### [What is needed]
Using the listing below, return every line that includes "holding".

═══ Data for this exercise ═══

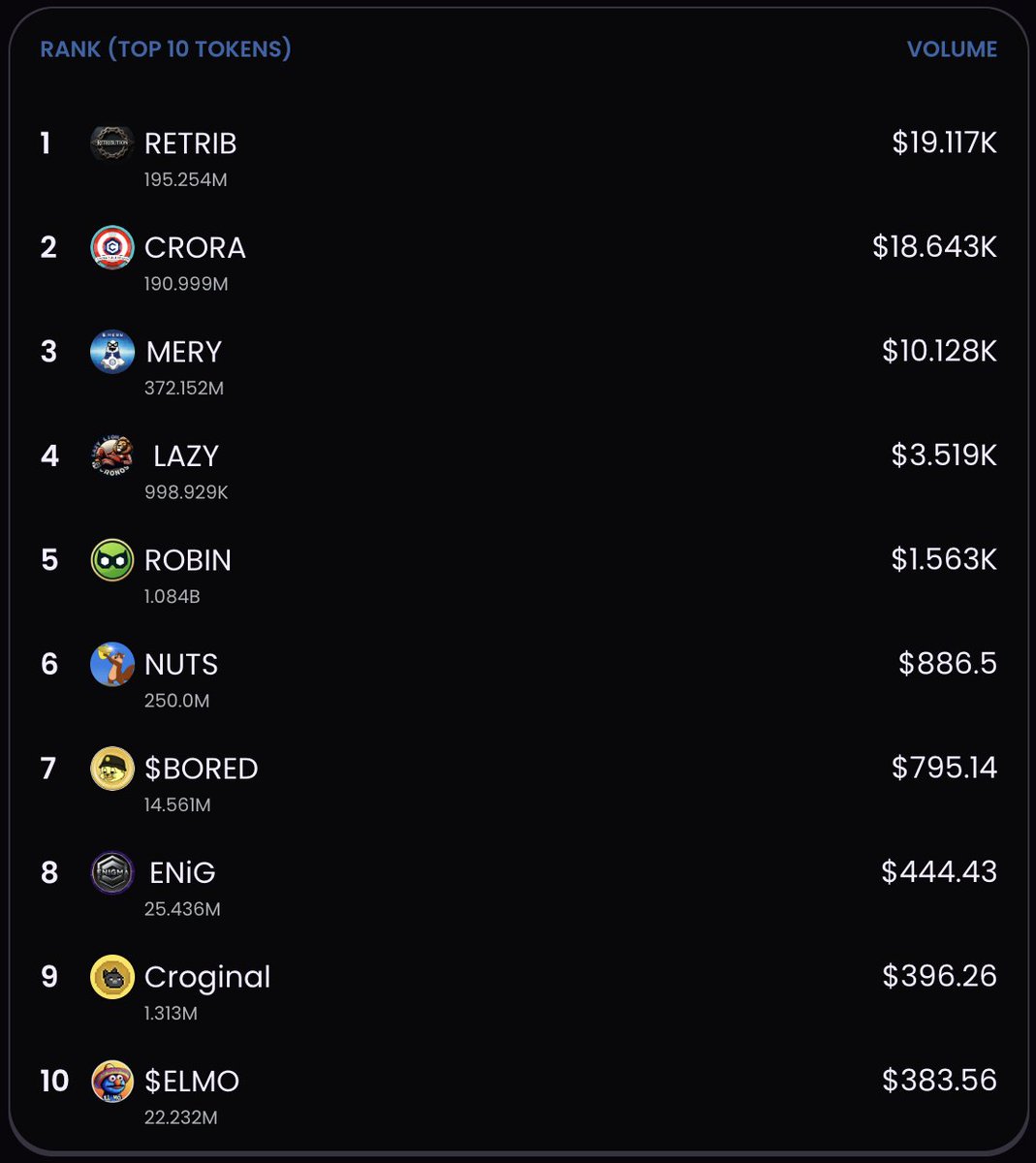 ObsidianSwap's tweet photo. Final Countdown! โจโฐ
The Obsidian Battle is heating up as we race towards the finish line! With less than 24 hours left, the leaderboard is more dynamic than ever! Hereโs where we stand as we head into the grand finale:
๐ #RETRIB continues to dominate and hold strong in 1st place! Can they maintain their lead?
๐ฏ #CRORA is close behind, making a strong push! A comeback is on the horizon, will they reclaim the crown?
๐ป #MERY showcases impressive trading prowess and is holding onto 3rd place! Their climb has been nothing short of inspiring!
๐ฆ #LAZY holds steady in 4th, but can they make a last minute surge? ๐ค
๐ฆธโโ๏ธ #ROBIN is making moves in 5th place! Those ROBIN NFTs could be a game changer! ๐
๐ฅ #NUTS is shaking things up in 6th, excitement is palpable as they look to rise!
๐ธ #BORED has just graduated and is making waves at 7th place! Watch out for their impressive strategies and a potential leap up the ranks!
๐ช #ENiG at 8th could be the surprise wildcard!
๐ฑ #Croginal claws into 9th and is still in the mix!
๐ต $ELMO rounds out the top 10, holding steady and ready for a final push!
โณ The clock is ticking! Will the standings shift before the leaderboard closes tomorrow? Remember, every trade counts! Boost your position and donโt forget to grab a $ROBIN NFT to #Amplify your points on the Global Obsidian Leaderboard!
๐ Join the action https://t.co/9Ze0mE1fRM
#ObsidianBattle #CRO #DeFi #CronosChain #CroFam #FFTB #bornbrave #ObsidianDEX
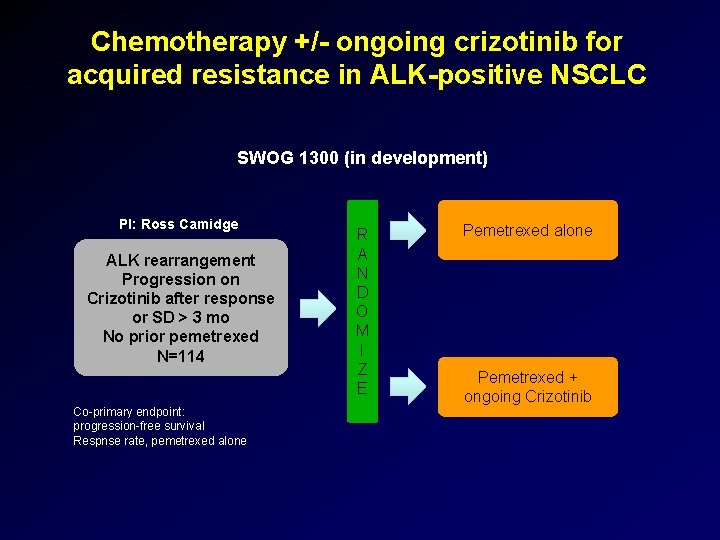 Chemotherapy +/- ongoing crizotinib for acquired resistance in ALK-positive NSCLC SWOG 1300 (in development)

═══
═══ Data for this exercise ═══

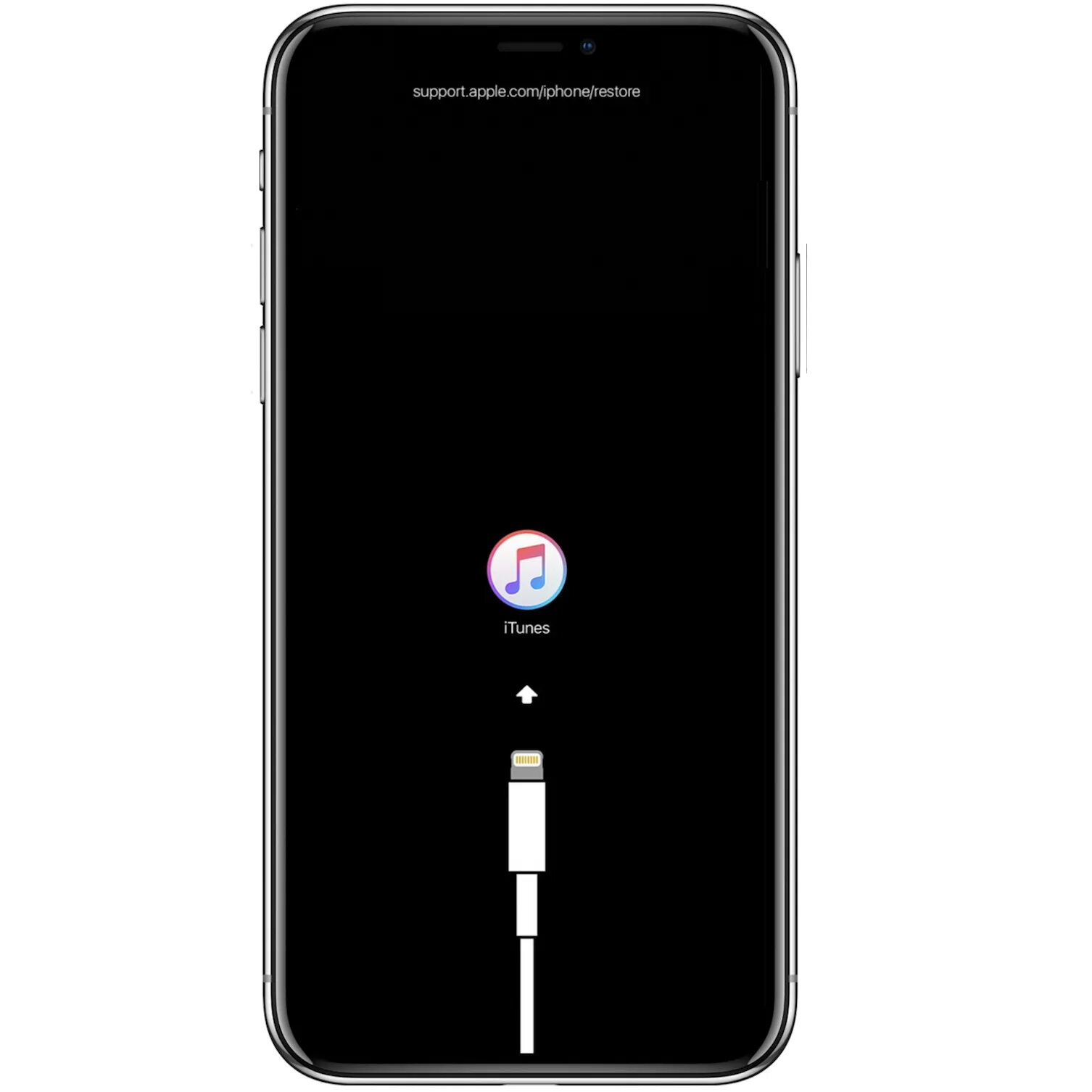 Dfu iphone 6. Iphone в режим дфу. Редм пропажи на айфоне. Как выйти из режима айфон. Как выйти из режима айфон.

═══
═══ Data for this exercise ═══

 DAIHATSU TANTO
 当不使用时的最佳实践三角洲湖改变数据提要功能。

═══

### [Response]
๐ป #MERY showcases impressive trading prowess and is holding onto 3rd place! Their climb has been nothing short of inspiring!
๐ต $ELMO rounds out the top 10, holding steady and ready for a final push!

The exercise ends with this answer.